Reference no: EM132356873

Assignment -

Marine biologists have determined that when a shark detects the presence of blood in the water, it will swim in the direction in which the concentration of the blood increases most rapidly. Based on certain tests, the concentration of blood (in pads per million) at a point P(x, y) on the surface of seawater is approximated by

C (x, y) = e^{-(x^2+4y^2)}/10⁴

where x and y are measured in meters in a rectangular coordinate system with the blood source at the origin.

1. Sketch the surface described by C (x, y).

2. Sketch the level curves of the concentration function.

3. Identify the level curves of the concentration function. In other words, what are the equations for the level curves? (There should be a family of equations.)

4. What path would the shark take through the level curves that it intersects? Sketch an example path.

5. The gradient of the concentration points in the direction of the most rapid increase in concentration. What is the gradient of the concentration function?

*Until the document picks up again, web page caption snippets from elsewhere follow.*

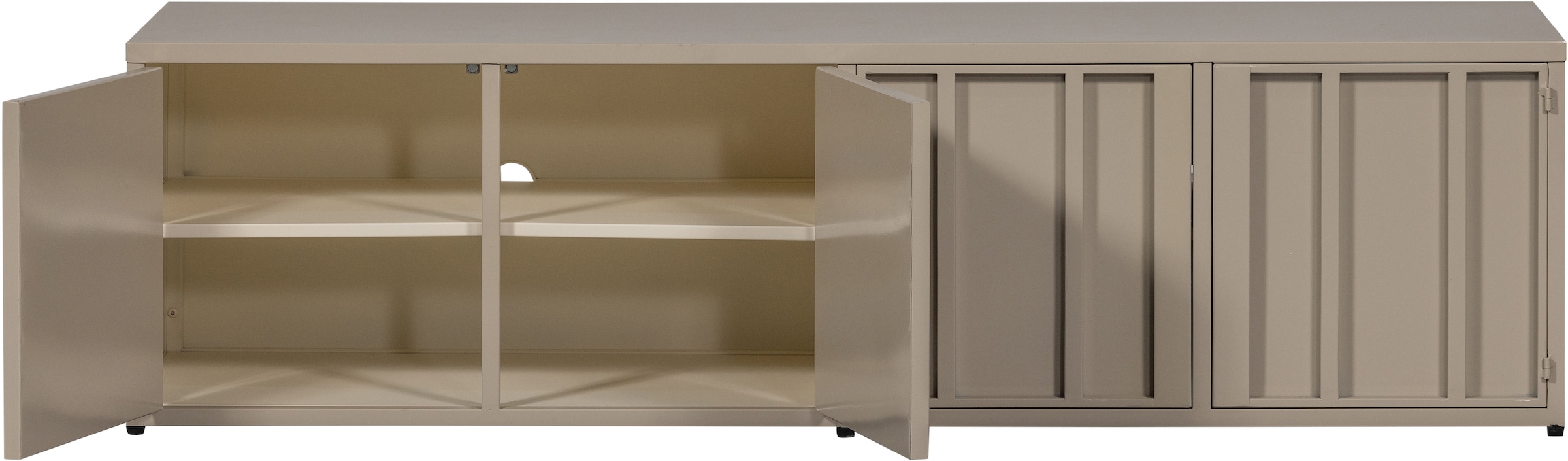 WOOOD Lowboard »WOOOD LEVEL TV-SCHRANK METALL« Level TV-Möbel WOOOD mit Stauraum, Stil und ordentliche Kabelführung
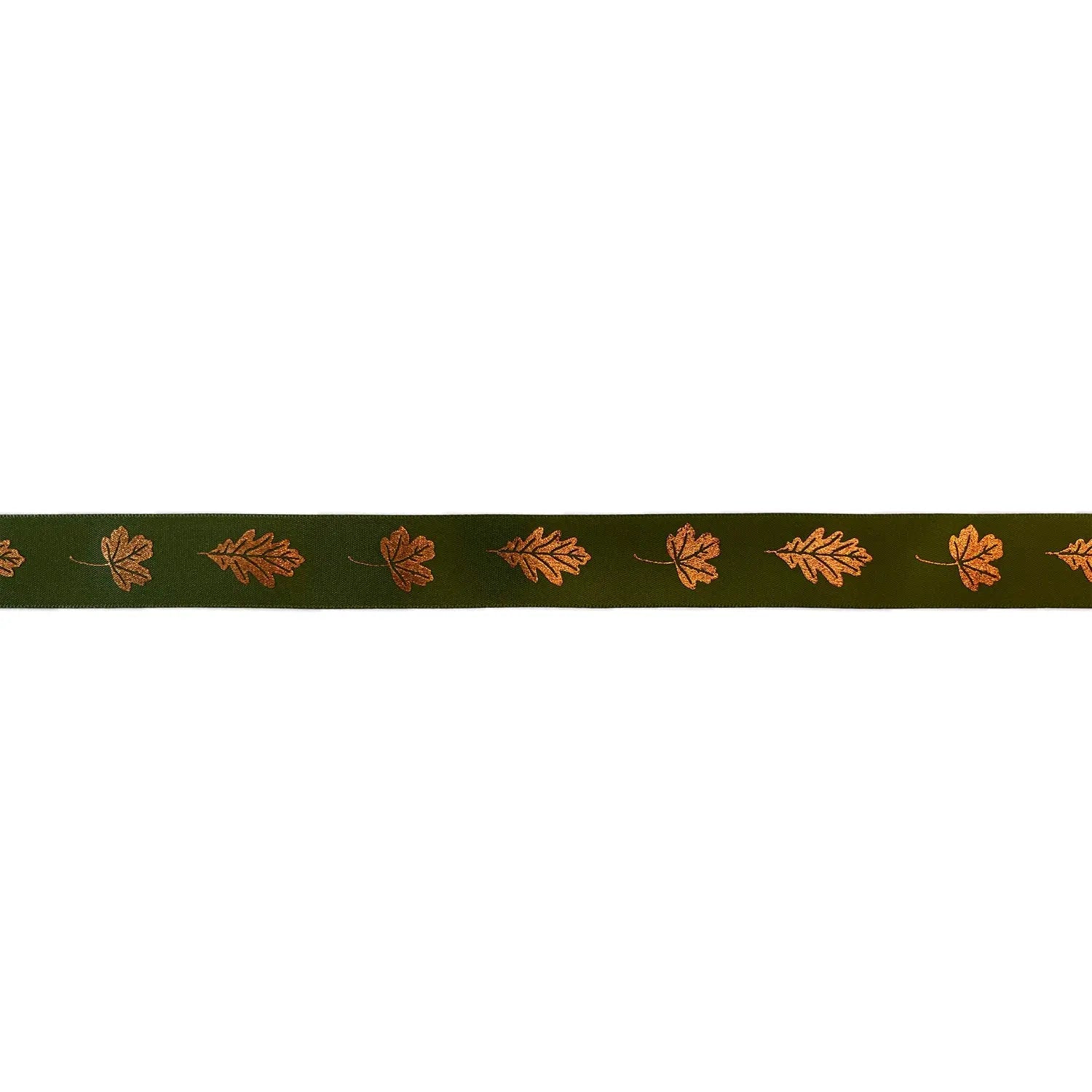 Jag Couture London - New York Forest green single faced satin ribbon with bronze autumn leaves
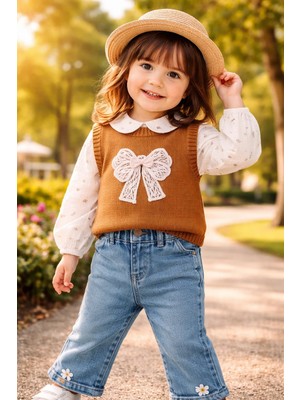 Almira Anne Bebek Bebek Kız Takım Seti Krem Renkli Çiçekli Gömlek ve Kot Pantolon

6. If r(t) = x(t)i + y(t)j is a parameterization of the most rapid increase curve, then r'(t) is also tangent to curve and r'(t) = λ∇C. Use this information to solve for dy/dx.

7. Suppose a shark is at the point (x₀, y₀) when it first detects the presence of blood in the water. Find an equation of the shark's path, the most rapid increase curve, y = f(x), by setting up and solving a differential equation.

8. Suppose a shark is at the point (5, -4) when it first detects the presence of blood in the water.

a. What is the equation of the shark's path?

b. Sketch the equation of the shark's path along with the level curves of the concentration function.